Bet the citizens thought they were quite the thing, with their opulent lives (as long as you weren't a slave), advanced, philosophical (lots of gods), and oh so sure of their all knowingness about past and future.
Of course, Rome fell, hard. And today, we look back at what we perceive to be their historic quaintness and congratulate ourselves that we are so much advanced. We understand the past, and we are taking all manner of wonderful steps for the future, like banning smoking outside, and mercury filled lightbulbs, and limiting the population so well that entire countries have so few births that they must import workers from places that hate them and others forbid girl children (killing them before and after they leave the womb as a national priority; we haven't quite gotten there yet.

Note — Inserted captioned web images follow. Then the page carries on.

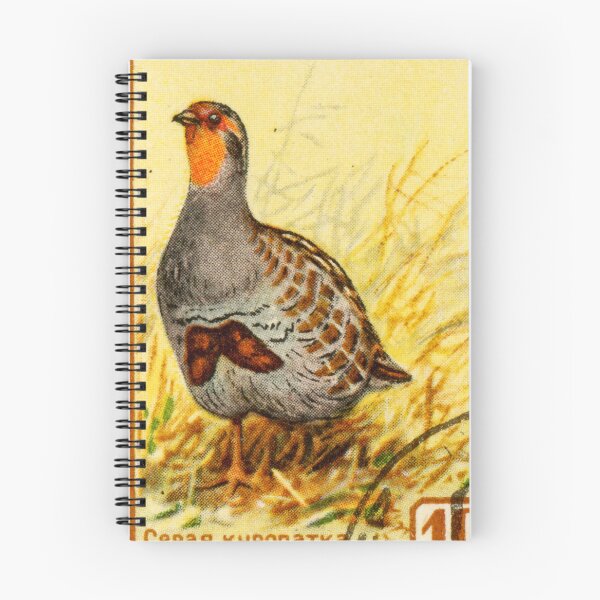 Item preview, Russia USSR Gray Partridge Postage Stamp designed and sold by StampLand.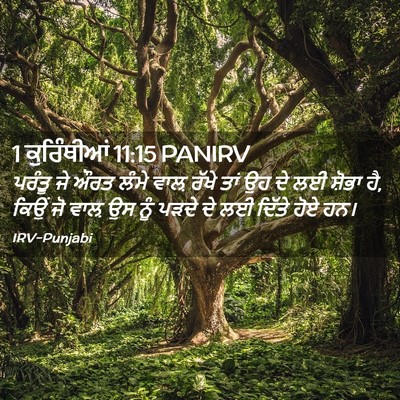 Picture 02 - 1 ਕੁਰਿੰਥੀਆਂ 11:15 PANIRV - ਪਰੰਤੂ ਜੇ ਔਰਤ ਲੰਮੇ - Bible Verse Picture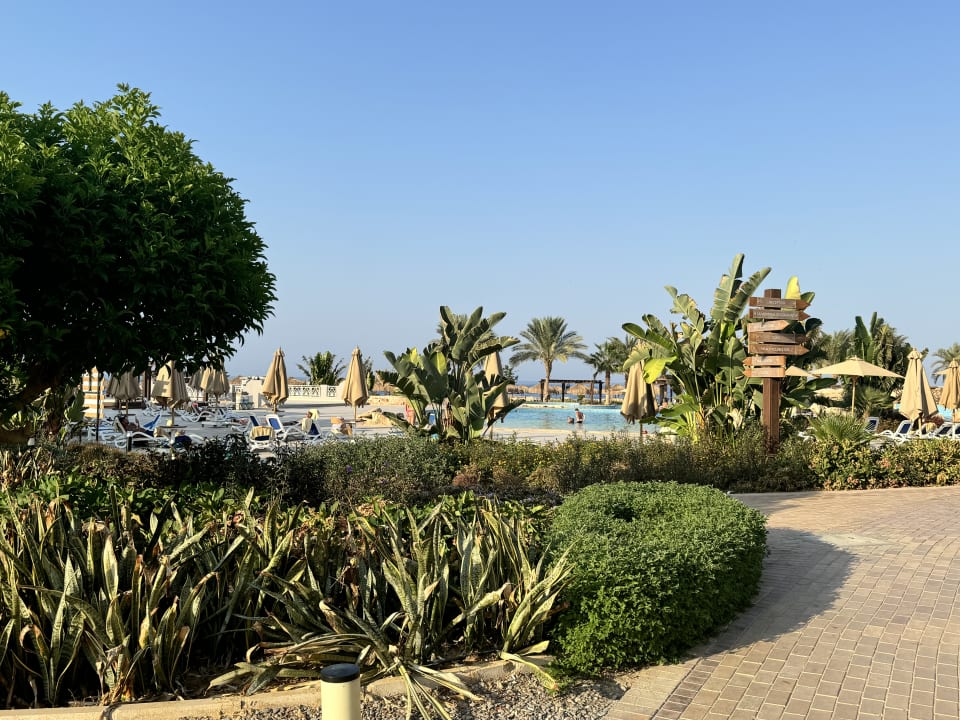 Pool Lazuli Hotel Marsa Alam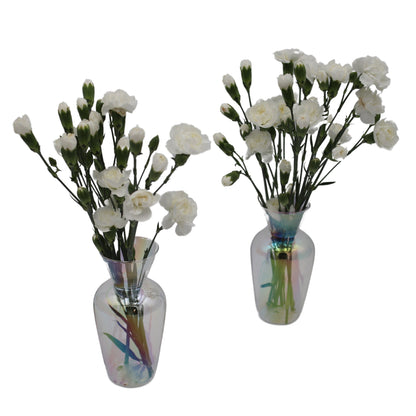 Rainbow Prism Vase - Pair Ro'Table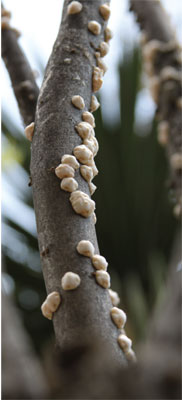 Coccidos en el Palo loco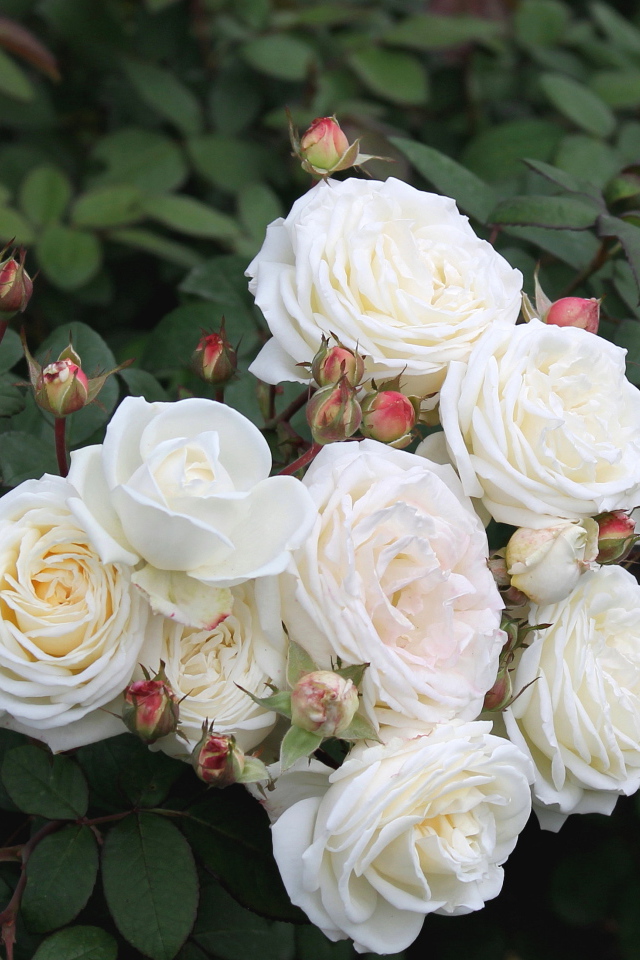 Красивые цветы кустарниковые розы в парке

It is still a crime to kill them after they happen to survive the journey through the birth canal, no longer axiomatically a safe place as once it was, in this country, although a few teenagers don't really see the difference and toss a child here and there in trash bins.

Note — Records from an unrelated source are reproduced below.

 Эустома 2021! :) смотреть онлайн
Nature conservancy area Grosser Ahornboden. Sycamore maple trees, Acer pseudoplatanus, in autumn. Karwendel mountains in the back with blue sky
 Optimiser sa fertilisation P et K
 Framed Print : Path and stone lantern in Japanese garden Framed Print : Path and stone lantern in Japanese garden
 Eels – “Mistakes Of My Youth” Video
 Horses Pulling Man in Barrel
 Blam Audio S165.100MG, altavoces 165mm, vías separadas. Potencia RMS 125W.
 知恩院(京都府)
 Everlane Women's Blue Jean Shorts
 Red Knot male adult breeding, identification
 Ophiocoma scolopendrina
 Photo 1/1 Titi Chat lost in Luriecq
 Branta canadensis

We insist so much on diversity that the idea of one out of many that is one essence (appropriate attribution to Dennis Prager here) is a bit of a laugh borne of the fuzzy ideas of old white European transplants like Jefferson, Adams, Paine. Where is today's diatribe coming from?
From hearing this morning a bit about Egypt's transitionary situation. There once were all these disparate groups united in their hate (legitimacy of that attitude is not the subject as it is now moot) of Mubarak. They spoke together and rioted together and then he was gone. And now, the disparate groups are acting disparately again, as was entirely predictable with just a passing glance at history. The cauldron is brewing again, that apocalyptic cauldron. And we here, in what used to be another safe place, a womb of the democratic republic, pretend it cannot touch us with our ipods and iphones and our oh so glitzy how to improve yourself modules on TV and net and magazine. And one day, as we fiddle, our version of Rome will burn and we will somehow be surprised.